Materials and methods

Ethics statement

All procedures used in this study conformed to the tenets of the Declaration of Helsinki. The Ethics Committee guidelines of Stomatological Hospital, Southern Medical University approved the protocols used. Informed consent was obtained from all participants.

Subjects and cell culture

Six normal deciduous teeth and 6 adult permanent teeth were collected from 6- to 13-year-old children and normal adults, respectively. All the teeth were extracted according to the agreements of patients and regular medical processes. The intact teeth were separated, immersed in a solution of 0.25% Chloramphenicol solution (30 min), and then kept in PBS solution with Penicillin (60 mg/l) and Streptomycin (100 mg/l). The dental pulp was isolated from the teeth, and washed by PBS solutions with Penicillin and Streptomycin, then digested in a solution of 1% collagenase (Sigma-Aldrich; Merck KGaA, Darmstadt, Germany) for 1 h at 37°C. The cells were filtered by 150 mesh nylon, centrifuged 1,000 × g for 5 min, and countered by blood counting chamber. After these processes, the cells were then mixed in DMEM solution (20% FBS, 100 µM ascorbic acid, 2 mM L-glutamine, 60 mg/l Penicillin and 100 mg/l Streptomycin). Anti-immunoglobulin M Micro Beads (Miltenyi-Biotec, Bergisch Gladbach, Germany) were used to sort the separated cells, according to the manufacturer's instructions. We then obtained the cell populations that were termed as stem cells from deciduous teeth and adult permanent teeth. These HDPSCs were cultured for further use.
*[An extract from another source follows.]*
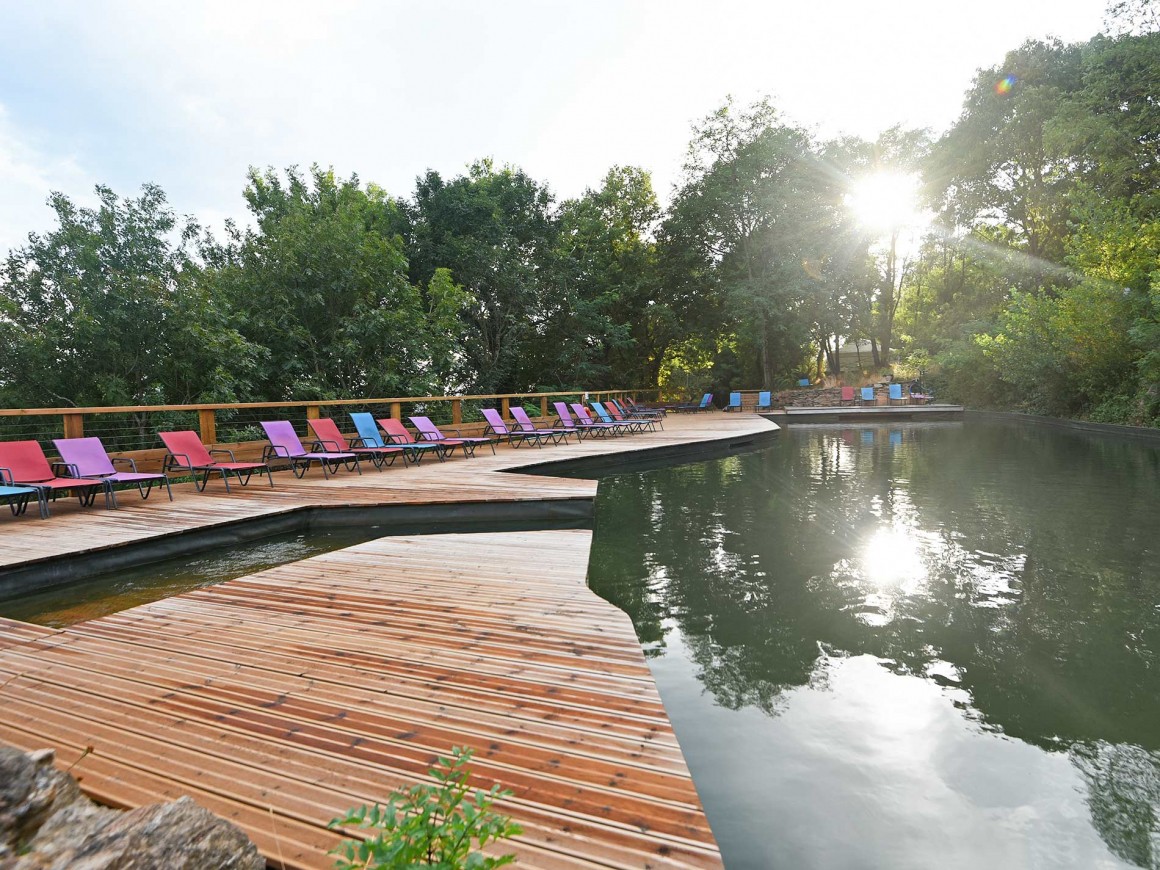 Campings Le Bout Du Monde alojamientos Campings Le Bout Du Monde alojamientos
Hematoxylin and Eosin (H&E) staining

To determine the apoptosis stages of dental pulp cells, H&E staining was employed to observe the apoptotic processes and stages of stem cells from deciduous teeth and adult permanent teeth. We also used H&E staining to observe the HDPSC apoptosis processes of RNAi groups and control groups from deciduous teeth.

Apoptosis assay

For Annexin V-FITC apoptosis assay, separated stem cells from deciduous teeth and adult permanent teeth were cultured, trypsinized, washed, and stained with Annexin V/PI apoptosis kit (Multi Sciences Biotech, Dalian, China) in the dark for 15 min at room temperature. Then, the stained cells were analyzed by flow cytometry.

Reverse transcription-quantitative polymerase chain reaction (RT-qPCR)
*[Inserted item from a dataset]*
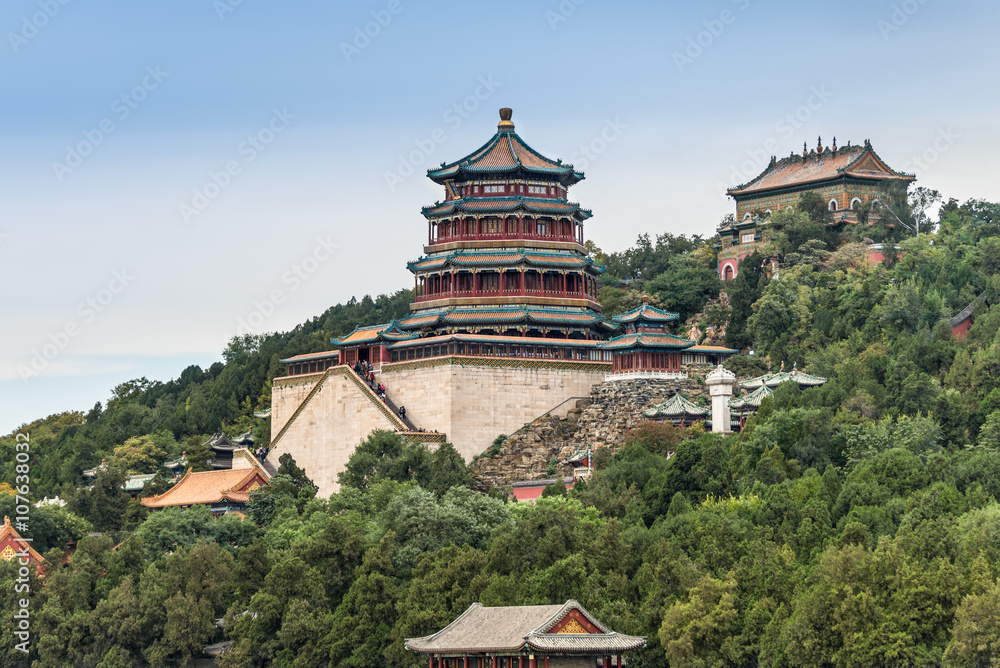 The Summer Palace, Beijing, China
The mitochondria were extracted by Cell Mitochondria Isolation kit (Beyotime Institute of Biotechnology, Shanghai, China). Using TRIzol (Takara Biotechnology Co., Ltd., Dalian, China), poly-A+ RNA were extracted from the mitochondria, cytoplasm, and whole cells of the HDPSCs from deciduous teeth and adult permanent teeth. RT-qPCR was performed to check the expression of Cytochrome c in these samples. The Cytochrome c primers consisted of the following sequences: (Forward) 5′-CCAATGAAGATGGGGAGATG-3′ and (reverse) 5′-CCGTGAGCAGGGAGAAGAC-3′. The primer pair for the β-actin housekeeping gene was made up of the following sequences: (Forward) 5′-ATCGTGCGTGACATTAAGGAGAAG-3′ and (reverse) 5′-AGGAAGGAAGGCTGGAAGAGTG-3′.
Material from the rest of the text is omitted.